Music and the Origins of Language

Studies on musical language have also had a remarkable development in the field of evolutionary psycholinguistics. Questioning the conception of music as “auditory cheescake”, i.e. an evolutionary by-product of language for recreational purposes, proposed by Steven Pinker (1997), Steve Mithen (2005) has put forward the hypothesis of a common precursor to music and language, a communication system of the first hominids indicated by the acronym Hmmmm: holistic, multimodal, manipulative, musical and mimetic. Rooted in human biology, music would thus share a common origin with language, followed by specialization and differentiation.

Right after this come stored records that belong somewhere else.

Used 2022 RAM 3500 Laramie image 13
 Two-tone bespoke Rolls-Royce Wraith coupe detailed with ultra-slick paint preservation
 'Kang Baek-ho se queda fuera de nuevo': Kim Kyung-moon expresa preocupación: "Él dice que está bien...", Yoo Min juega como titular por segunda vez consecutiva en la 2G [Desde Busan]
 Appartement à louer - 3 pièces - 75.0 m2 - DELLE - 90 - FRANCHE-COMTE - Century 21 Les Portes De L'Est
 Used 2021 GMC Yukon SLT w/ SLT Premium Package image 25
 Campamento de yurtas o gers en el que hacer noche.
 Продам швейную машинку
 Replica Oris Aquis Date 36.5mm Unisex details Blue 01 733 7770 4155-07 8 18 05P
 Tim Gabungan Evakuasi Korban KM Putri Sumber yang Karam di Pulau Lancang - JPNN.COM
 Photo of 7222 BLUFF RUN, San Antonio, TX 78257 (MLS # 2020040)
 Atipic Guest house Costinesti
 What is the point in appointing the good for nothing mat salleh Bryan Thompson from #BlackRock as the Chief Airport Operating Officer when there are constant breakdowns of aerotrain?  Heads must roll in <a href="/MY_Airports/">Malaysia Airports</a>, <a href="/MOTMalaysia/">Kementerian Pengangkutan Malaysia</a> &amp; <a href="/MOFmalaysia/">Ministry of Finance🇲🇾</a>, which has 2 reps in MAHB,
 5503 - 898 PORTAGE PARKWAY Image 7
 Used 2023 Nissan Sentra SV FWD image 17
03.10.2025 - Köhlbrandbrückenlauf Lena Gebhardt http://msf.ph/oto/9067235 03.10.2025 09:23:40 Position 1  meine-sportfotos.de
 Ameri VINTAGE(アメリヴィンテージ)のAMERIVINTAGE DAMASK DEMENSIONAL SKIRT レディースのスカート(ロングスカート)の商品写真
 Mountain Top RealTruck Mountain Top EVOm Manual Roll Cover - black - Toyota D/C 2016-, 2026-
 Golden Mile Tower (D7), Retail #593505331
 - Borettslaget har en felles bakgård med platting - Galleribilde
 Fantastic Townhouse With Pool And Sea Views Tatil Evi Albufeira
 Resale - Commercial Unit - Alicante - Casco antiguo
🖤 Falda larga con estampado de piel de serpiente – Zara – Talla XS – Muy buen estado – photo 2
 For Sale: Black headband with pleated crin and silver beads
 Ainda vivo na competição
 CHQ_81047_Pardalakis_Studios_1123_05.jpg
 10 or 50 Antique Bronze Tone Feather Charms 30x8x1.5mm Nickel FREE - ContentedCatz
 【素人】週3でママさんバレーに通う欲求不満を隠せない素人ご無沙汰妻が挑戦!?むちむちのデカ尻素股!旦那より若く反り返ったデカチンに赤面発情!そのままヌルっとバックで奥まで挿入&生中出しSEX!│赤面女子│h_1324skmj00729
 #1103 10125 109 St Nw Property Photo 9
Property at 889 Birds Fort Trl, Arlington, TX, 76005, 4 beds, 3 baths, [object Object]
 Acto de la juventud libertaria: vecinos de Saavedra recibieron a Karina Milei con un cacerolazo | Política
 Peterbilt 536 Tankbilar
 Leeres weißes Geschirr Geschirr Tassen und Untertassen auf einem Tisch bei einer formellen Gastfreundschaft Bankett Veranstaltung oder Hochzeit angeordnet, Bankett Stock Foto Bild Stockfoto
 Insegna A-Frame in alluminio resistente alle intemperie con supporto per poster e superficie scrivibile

The idea that music is connected with the origin of verbal language is, on the other hand, already present in the Western philosophical tradition and debated by authors of different provenance. For example, the pioneering work of the musicologist Thrasybulos Georgiades, Music and Language (1954), underlined the original unity of linguistic and musical reality in the rhythm of mousiké, i.e. in the Greek verse. More recently, Giorgio Agamben has redefined in an original way the relationship between music and language referring to the unattainability of the origin of the word: “If we call music the experience of the Muse, that is, of the origins and the taking place of the word, then in a given society and at a given time music expresses and governs the relation humans have with the event of the word. [...] This impossibility of accessing the primordial place of the word is music” (Agamben 2018: 97). Although not reducible to a form of language, music, inscribed in the order of human phenomena, must be considered in connection with the anthropogenetic event of the origin of language.